E, apesar de todos os controles técnicos, estudos e testes, não há medicamentos no mundo que não tenham efeitos adversos/indesejados. Em algumas pessoas esses efeitos poderão se apresentar e em outras não.

Dito isso, vamos agora falar sobre a automedicação.

Ela acontece quando nos autodiagnosticamos e procuramos uma forma de nos automedicar. Ou seja, procuramos algum medicamento na nossa farmacinha ou quando compramos na farmácia. Isso acontece, muitas vezes, através de indicação feita por algum amigo ou parente.

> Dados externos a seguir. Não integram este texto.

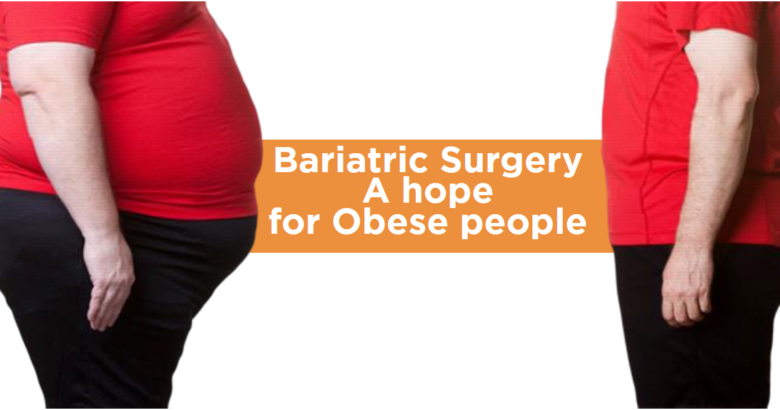 Bariatric Surgery - A hope for Obese people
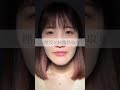 村田大典先生の二重比較動画🌟#shorts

No Brasil a automedicação é cultural. É muito comum termos a indicação de familiares ou da internet. Essa procura, dentre outros motivos, se deve principalmente pela dificuldade de acesso ao sistema de saúde. Por isso, é mais fácil pesquisar e comprar o quanto antes a medicação, do que ter que dormir na fila do posto de saúde e aguardar uma consulta que talvez demore três meses para acontecer.

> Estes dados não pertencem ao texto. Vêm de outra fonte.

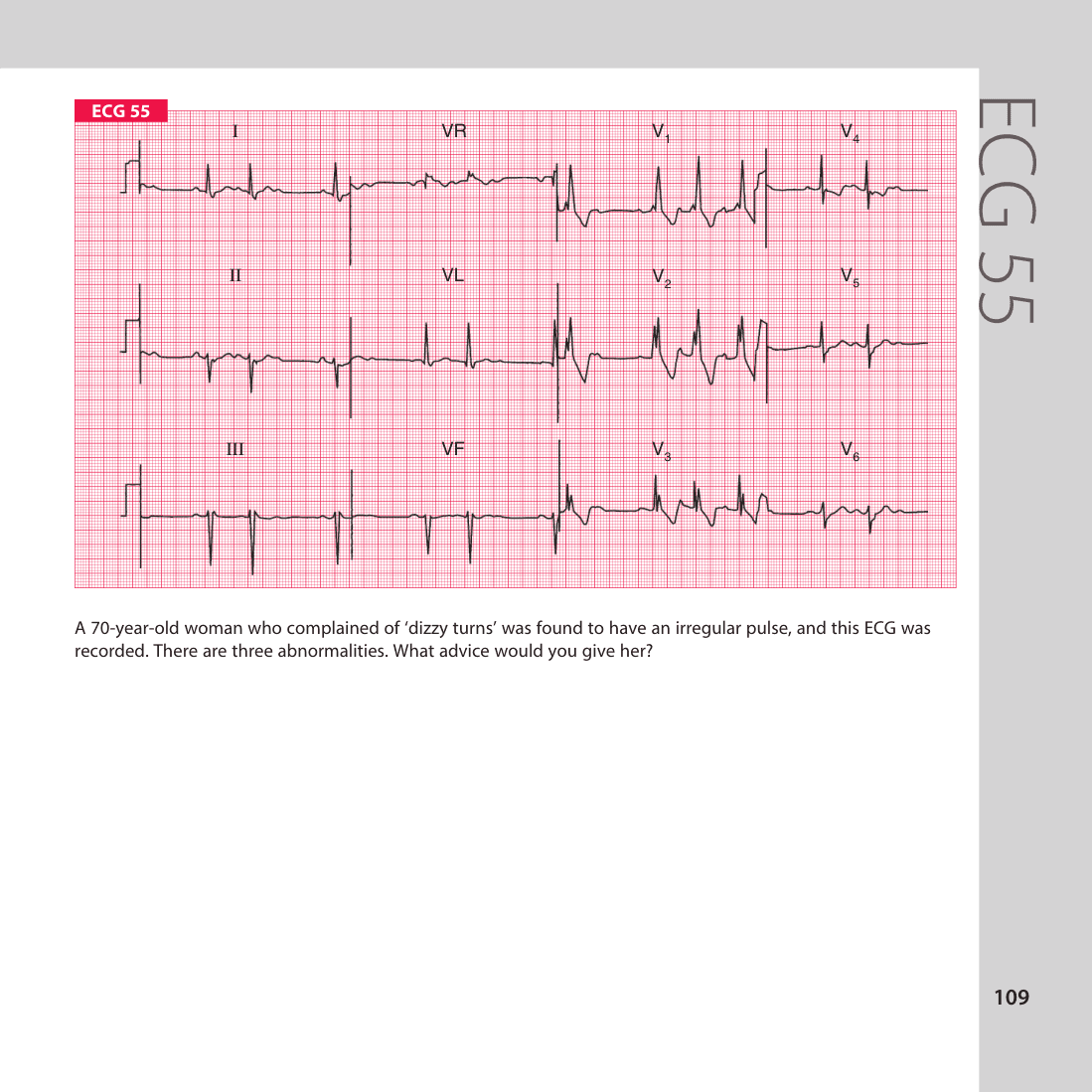 ECG 55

Os problemas da automedicação são vários, como esconder ou agravar uma doença, reações de hipersensibilidade, intoxicação, efeitos indesejados, evolução da doença, resistência aos medicamentos. E as consequências do uso incorreto de substâncias pode levar a problemas que só aparecerão a médio e longo prazo.

Veja um relato de um médico do Hospital Albert Sabin publicado em 2019 sobre a situação de uma paciente que se automedicou:

Como exemplo, cito um fato ocorrido recentemente na UTI do nosso hospital. O paciente apresentava um quadro de cefaleia (dor de cabeça) e se medicava em domicílio por meio de “dicas” adquiridas na internet e outras fontes. Após dois ou três dias de automedicação procurou o hospital, pois, não apresentava melhora do quadro e, pior, havia evoluído. Foi então diagnosticado com meningite bacteriana, insuficiência renal aguda e outras patologias que culminaram com o óbito em menos de 24 horas de internação. Se este paciente procurasse atendimento médico no início dos sintomas, fosse diagnosticado e medicado adequadamente, certamente teria sua vida salva desabafa o Dr. Sales.”.

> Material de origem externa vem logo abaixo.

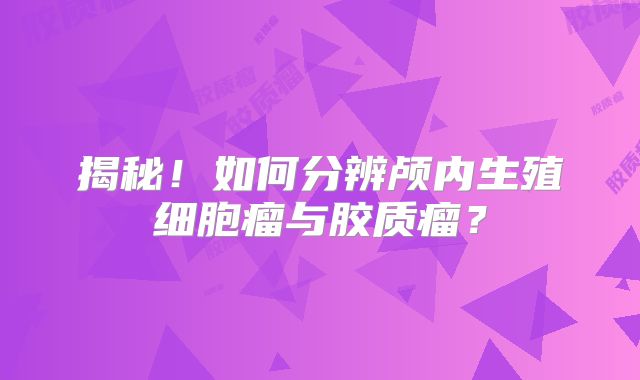 揭秘！如何分辨颅内生殖细胞瘤与胶质瘤？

Uma coisa importante a se pensar é que, mesmo o medicamento sendo prescrito por um profissional da saúde, não quer dizer que não ocorrerão reações. Ao usar um remédio, você precisa se atentar: à prescrição (a receita médica ou do cirurgião dentista), à forma correta de uso (se é via oral, por exemplo), à validade, ao horário, à alimentação, ao não uso de bebida alcoólica e à dose da medicação.

Em caso de dúvidas você pode procurar um farmacêutico.

O que quero dizer é que medicamento é coisa séria. É preciso ter bom senso no uso.

Se você tem uma dor de cabeça, por exemplo, e faz uso de algum analgésico que já tem costume, ok. Mas, observe se outros sintomas têm aparecido ou se a dor de cabeça, mesmo tomando o analgésico, ainda persiste. É preciso buscar a causa desta dor, pois ela é um sinal de algo não está “funcionando bem”.

Bom, espero que você tenha compreendido de que medicamento é algo que precisa ser levado a sério e sempre que puder e precisar procure orientação médica/odontológica/farmacêutica. E tenha bom senso nas buscas feita no nosso querido Google.